Riuscì a creare uno stile preciso ed identificabile, era infatti egli stesso che si occupava di tutto, dalla scelta delle modelle agli abiti da fotografare, fino alle composizioni floreali che avrebbero fatto da cornice agli scatti.
Tra i trucchi che utilizzava per esempio bagnava il pavimento con dell’acqua per creare riflessi e inseriva una luce molto morbida nell’abito della modella per illuminarne il volto.

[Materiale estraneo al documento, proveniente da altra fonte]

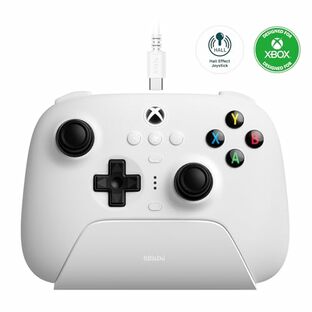 8BitDo Ultimate 3-mode Xboxのコントローラー、ホール効果トリガーとジョイスティック、Xbox Series X|S および Xbox One 用有線、Windows、Androidと互換性があります - 正式にライセンス (White)の画像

Aveva un’attenzione esasperata per i dettagli, per i vestiti, per gli arredi. Tutto doveva essere perfetto, con il risultato di immagini di donne eteree, irraggiungibili in un’atmosfera trasognata, che rispecchiavano un mondo preciso, fatto di lusso ed agiatezza, il tutto in chiave pittorialista, come la moda fotografica imponeva.
Nel 1912 conobbe la Marchesa Luisa Casati ed il ritratto che le fece venne esposto alla Galleria 291 di Stieglitz a New York, catapultandolo nell’olimpo della fotografia.
Con lo scoppio della Prima Guerra Mondiale si trasferì a New York dove divenne il primo fotografo a contratto per Vogue e poi per Vanity Fair. Nel 1921 firmò un contratto con Harper’s Bazaar e per questo Vogue non lo perdonò mai.
Troviamo una notevole differenza rispetto a quella che era l’immagine della moda prima dell’utilizzo della fotografia sulle pagine patinate: prima c’erano i disegni di importanti artisti, come Christian Berard e Erté, che illustrarono le riviste con tavole che ben rispecchiavano i gusti e le correnti artistiche del periodo. Poi arrivarono i fotografi specializzati nella moda, come il Barone, a cui seguirono altri innovatori come Horst P Horst e George Hoyningen-Huene.
Con la Seconda Guerra Mondiale il Barone De Meyer (aveva ricevuto il titolo nobiliare da Edoardo VII) si trasferì ad Hollywood, limitando la sua vita sfrenata e continuando a fare il ritrattista.
Morì nel 1946 e venne definitò da Cecil Beaton “Il Debussy della fotografia”.